In the last few years, trying to build, or even just protect, wealth has not been easy. Stockmarkets have turned volatile and US and UK government bond yields have sunk as investors haved piled into safe havens. In more ‘normal’ times, that might encourage investors to seek the protection of a bank account. Unfortunately, high inflation and low interest rates make it difficult to find an account that can stop the real (after inflation) value of your wealth being eroded.

But that’s even more reason to put as much money as you can into an Isa. According to figures from Moneysupermarket.com, basic-rate taxpayers using a cash Isa would have earned £14,504 in interest if they had opened one every year since they were first launched 12 years ago. That is £3,354 more than someone who has saved in a regular savings account. No surprise, then, that there are now more than 17.5 million Isa savers in Britain, with £143bn in cash funds. Yet, despite the advantages, many British savers aren’t using their Isas properly. Research from financial advice group Unbiased.co.uk shows that every year British savers give £509m to the taxman that could be safely protected. Why? Time to dispel three myths that may be holding people back.

Three myths about Isas

Isas are inflexible

Many people think putting money in an Isa means locking it away for years. But that’s not true. There are all sorts of accounts that can be opened within an Isa and many have no withdrawal notice periods. Likewise, you can sell your holdings in a stocks and shares Isa whenever you want.
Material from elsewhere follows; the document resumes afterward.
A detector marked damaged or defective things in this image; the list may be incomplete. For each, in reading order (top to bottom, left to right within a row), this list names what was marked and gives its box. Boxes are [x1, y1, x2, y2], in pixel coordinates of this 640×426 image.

Isa providers offer rubbish rates

While that is sometimes the case, there are plenty of good offers out there. On page 4 we go through the best cash Isas and show where you can make the best return.

Isas are restrictive

Again, this is not true. There are some limitations, for example you can’t stick some foreign shares in an Isa. But the list of what can go in is pretty lengthy. On page 6 we cover exactly what can and can’t go in.

How an Isa works

The single biggest point of confusion with an Isa is that it is not an investment. It’s a tax-efficient wrapper that shields your savings and investments from both income tax and capital gains tax. You pick an investment that the government deems eligible – more details on that on page 6 – and then shield it with an Isa.
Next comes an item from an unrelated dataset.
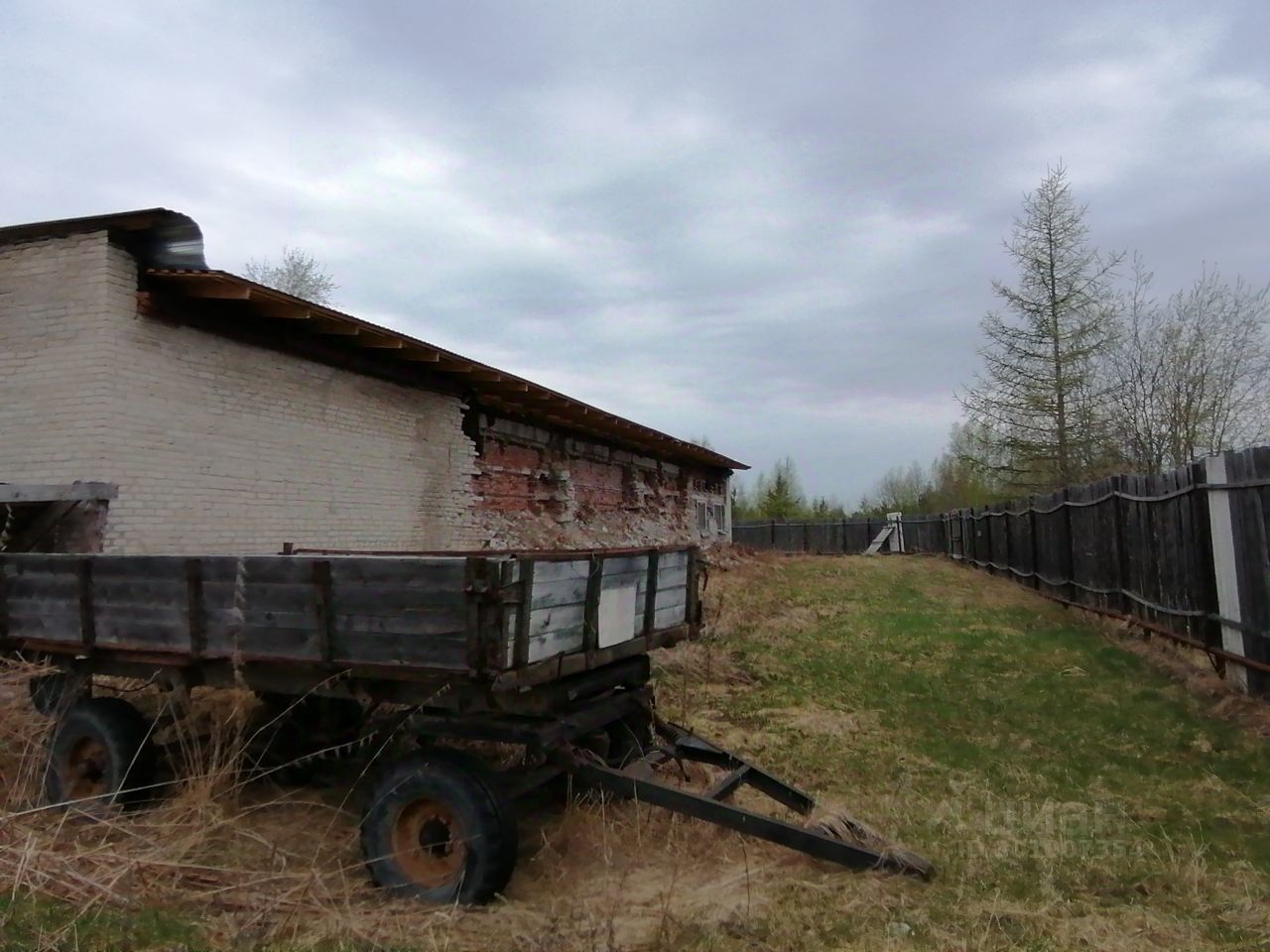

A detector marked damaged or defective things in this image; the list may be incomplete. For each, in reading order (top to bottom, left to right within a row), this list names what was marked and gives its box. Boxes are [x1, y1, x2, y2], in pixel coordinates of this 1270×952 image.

rusty wheel hub [64, 736, 109, 807]
rusty wheel hub [388, 801, 469, 893]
Unfortunately, an Isa can’t take away the 0.5% stamp duty levied when you buy shares, although we highlight one stamp-duty-free investment on page 10. An Isa can’t protect you from inheritance tax either.

The government doesn’t want too much of the public’s money kept out of its reach so it sets a limit on the amount that each person can put into an Isa each year. At present that limit is £10,680, but that will rise to £11,280 from 6 April 2012.

That money can be split between two types of Isa. The most popular is the cash version, which makes up around four-fifths of all Isas. Think of it as like a normal savings account but with no income tax deducted from the interest you receive. These are a nice safe option, but the maximum amount that can be put into a cash Isa is £5,340. That will rise to £5,640 from 6 April 2012. Anyone over the age of 16 can open this type of Isa.

The other option is a stocks and shares Isa. These can take the full annual investment limit minus any money you have put into a cash Isa in the same year. However, because these are riskier you have to be at least 18 to open one. You can then have a cash Isa with one provider and a shares account with a different one.

However you decide to use the allowance, it’s use it or lose it. So get ready to invest now.